*** Excerpted records Section Begins ***

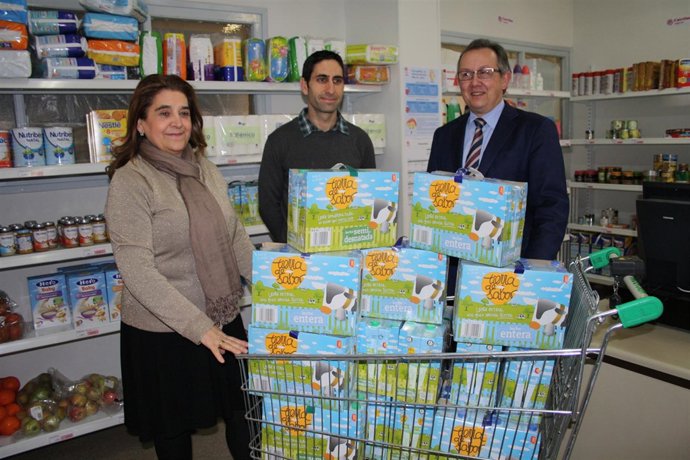 Entrega de la leche Tierra de Sabor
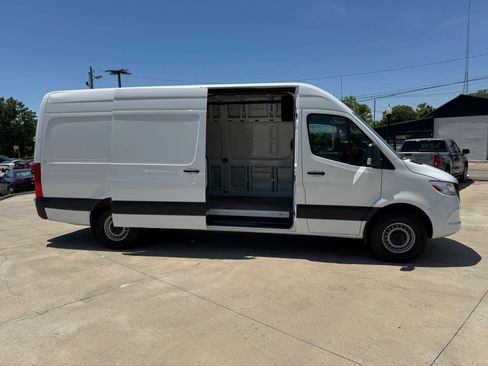 Used 2021 Mercedes-Benz Sprinter 2500 w/ Driver Convenience Package image 30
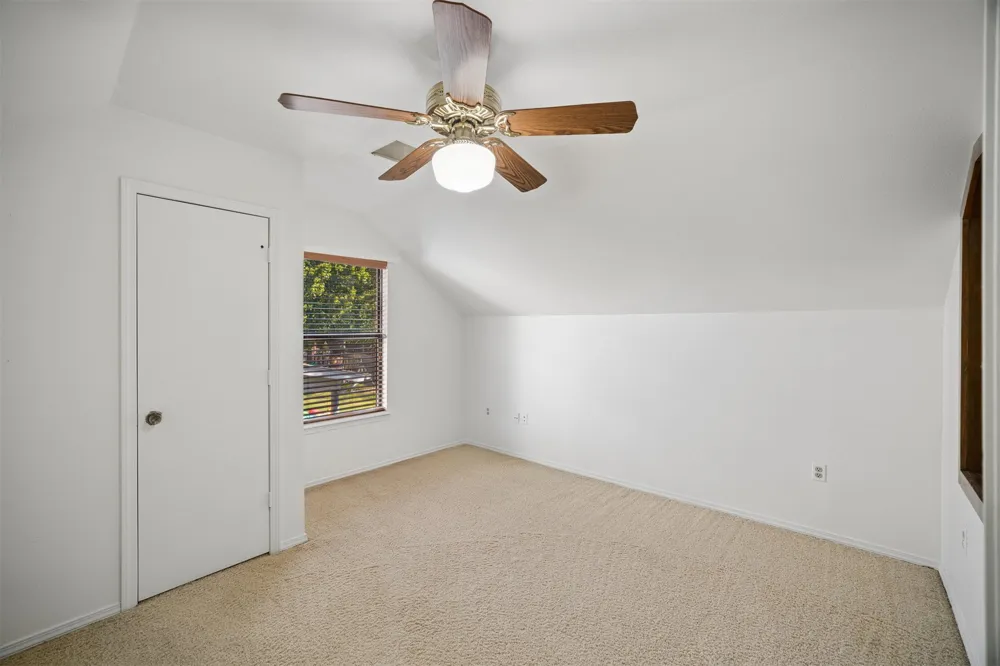 8027 S Irvington Avenue Tulsa, OK 74136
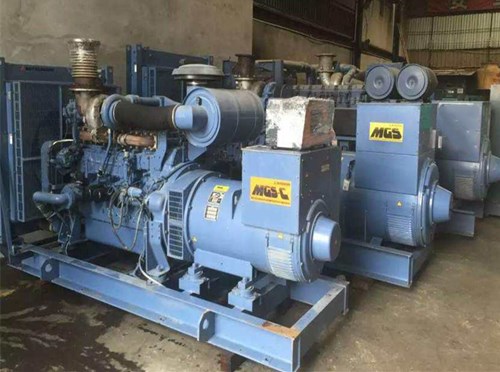 镇安发电机组带负载降电压是什么原因照成的？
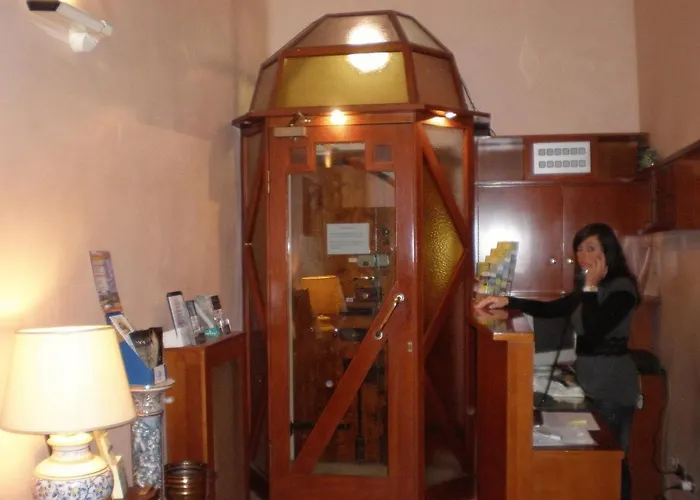 Otel Elite 2*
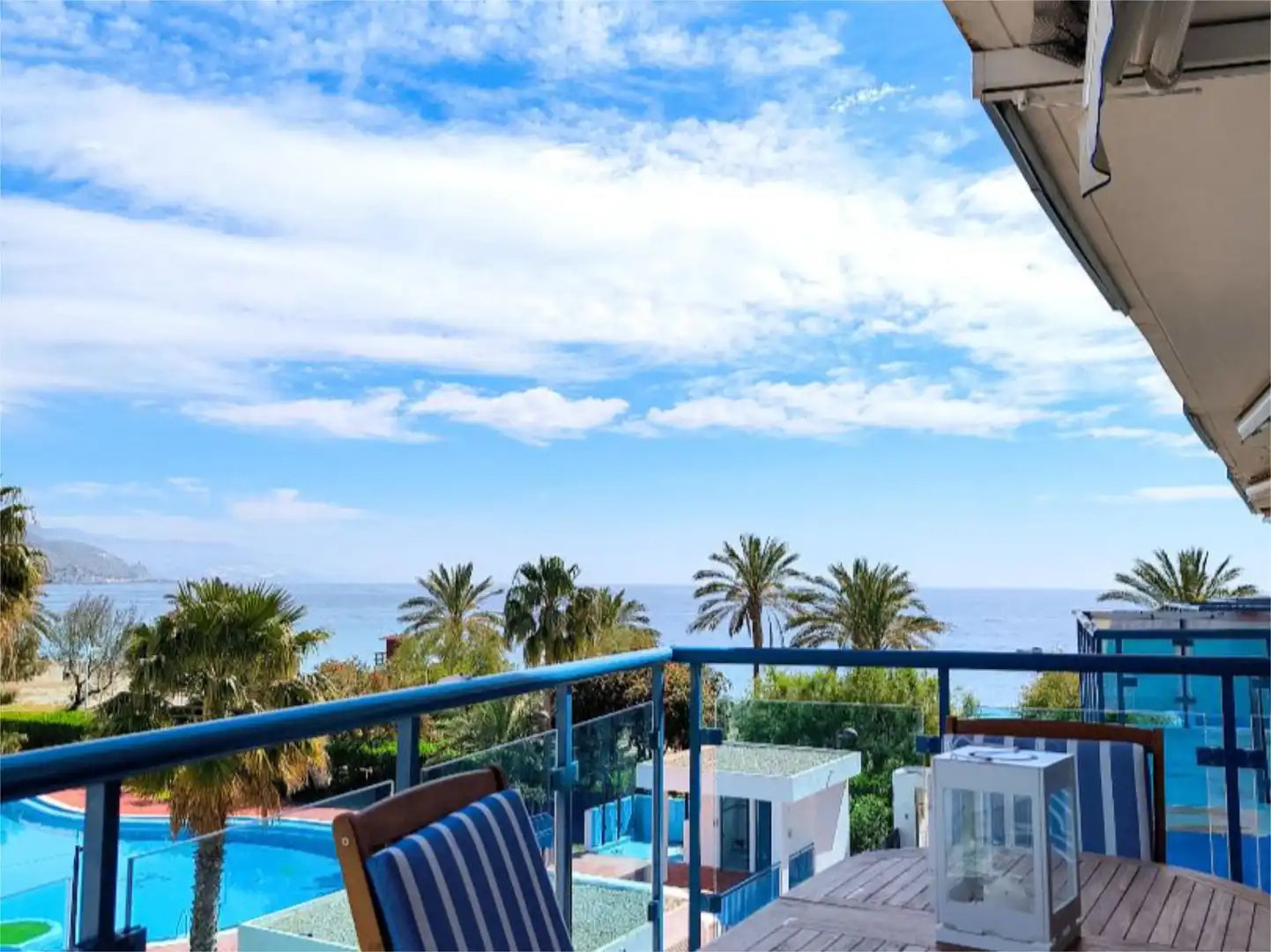 Apartament en venda a Calle Cambriles, 1, Castell de Ferro Terrassa de Apartament en venda en Gualchos amb Aire condicionat, Calefacció i Jardí privat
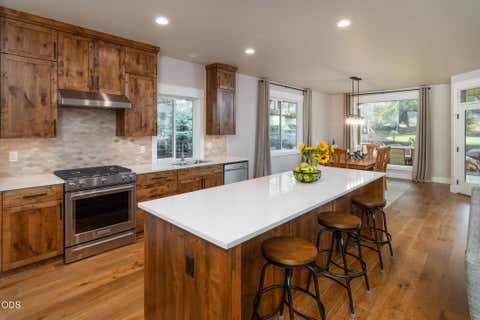 Tiny photo for 1385 Spring Ridge Court, Redmond, OR 97756 (MLS # 220226676)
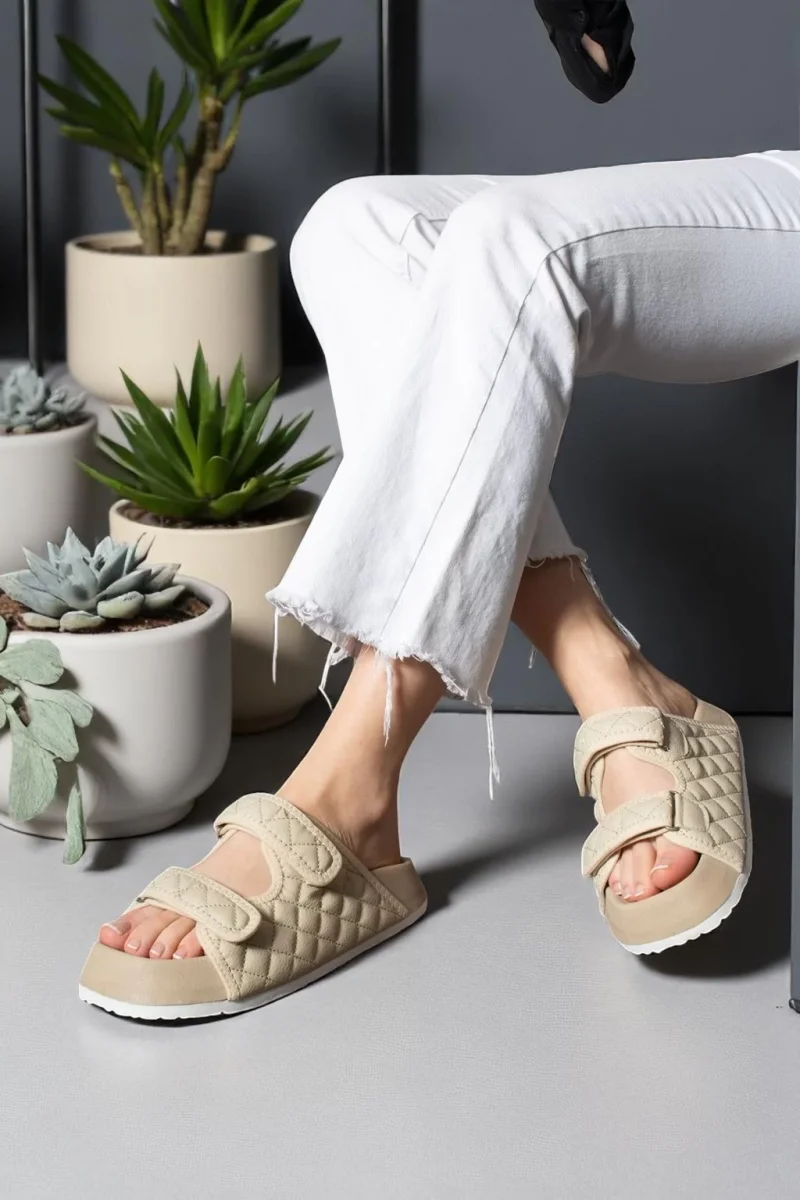 Kapitone Cırtlı Ev Dış Mekan Kadın Terlik – Bej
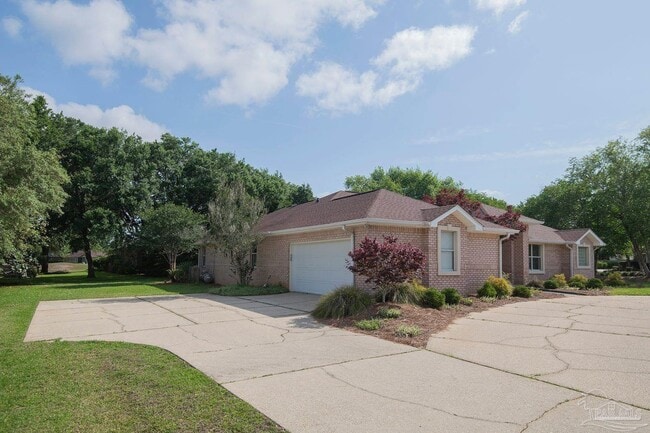 Building Photo - 5490 Oakmont Dr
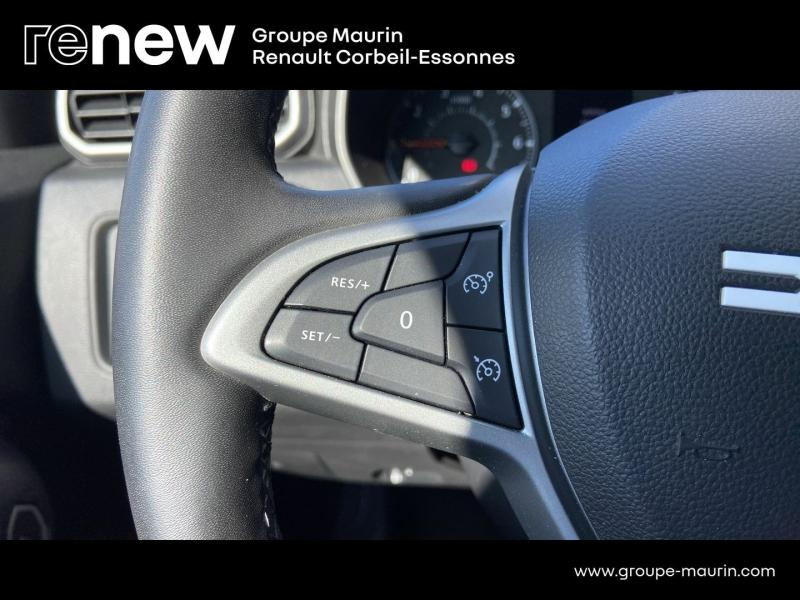 Photo 15 de l’annonce de DACIA Duster d’occasion à vendre à CORBEIL-ESSONNES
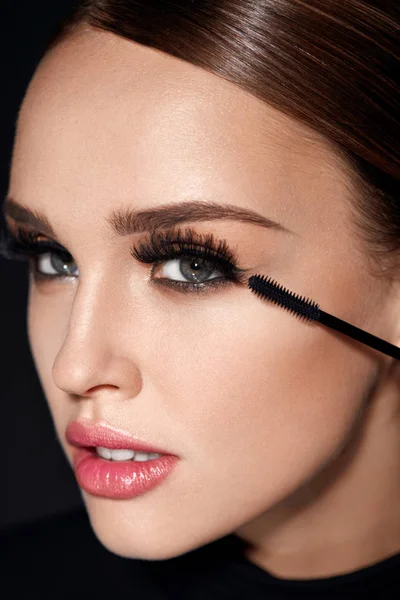 Pestañas negras largas. Mujer con maquillaje aplicando cosméticos —  Fotos de Stock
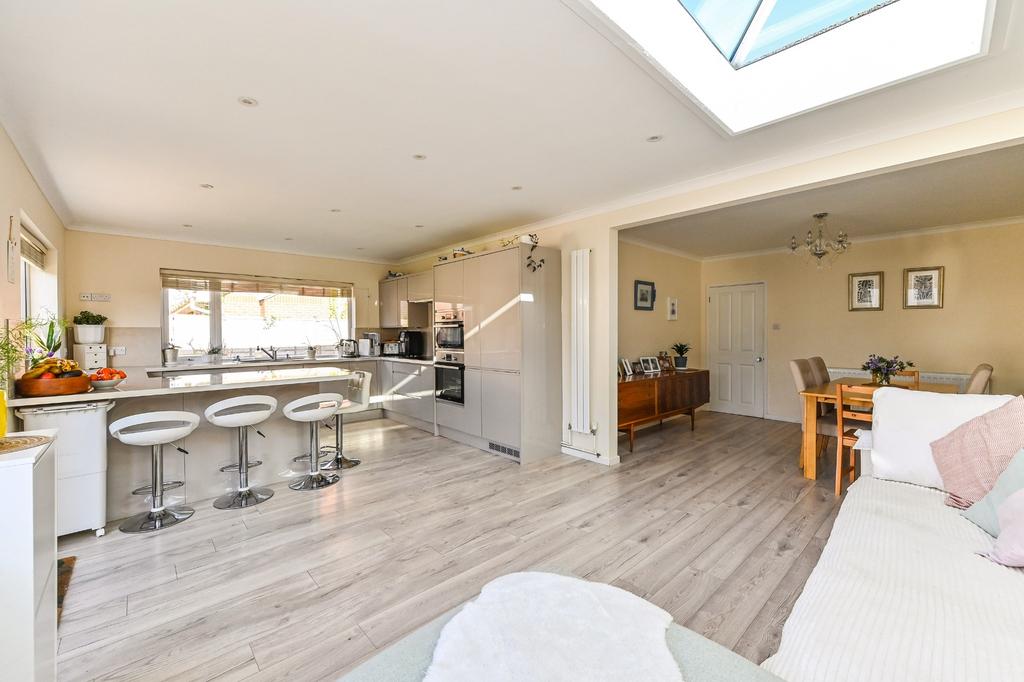 Kitchen/dining/living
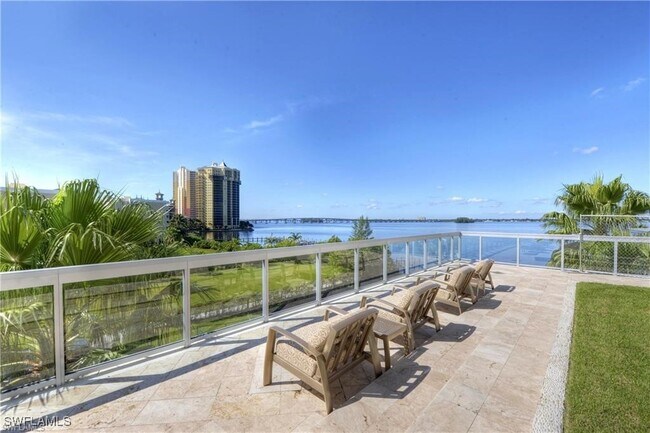 Building Photo - 3000 Oasis Grand Blvd Unit 2702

*** Excerpted records Section Ends ***

▶ **Task item**: Your copy should match every entry above exactly and contain no pictures.

▶ **Answer space**:
 Entrega de la leche Tierra de Sabor
 Used 2021 Mercedes-Benz Sprinter 2500 w/ Driver Convenience Package image 30
 8027 S Irvington Avenue Tulsa, OK 74136
 镇安发电机组带负载降电压是什么原因照成的？
 Otel Elite 2*
 Apartament en venda a Calle Cambriles, 1, Castell de Ferro Terrassa de Apartament en venda en Gualchos amb Aire condicionat, Calefacció i Jardí privat
 Tiny photo for 1385 Spring Ridge Court, Redmond, OR 97756 (MLS # 220226676)
 Kapitone Cırtlı Ev Dış Mekan Kadın Terlik – Bej
 Building Photo - 5490 Oakmont Dr
 Photo 15 de l’annonce de DACIA Duster d’occasion à vendre à CORBEIL-ESSONNES
 Pestañas negras largas. Mujer con maquillaje aplicando cosméticos —  Fotos de Stock
 Kitchen/dining/living
 Building Photo - 3000 Oasis Grand Blvd Unit 2702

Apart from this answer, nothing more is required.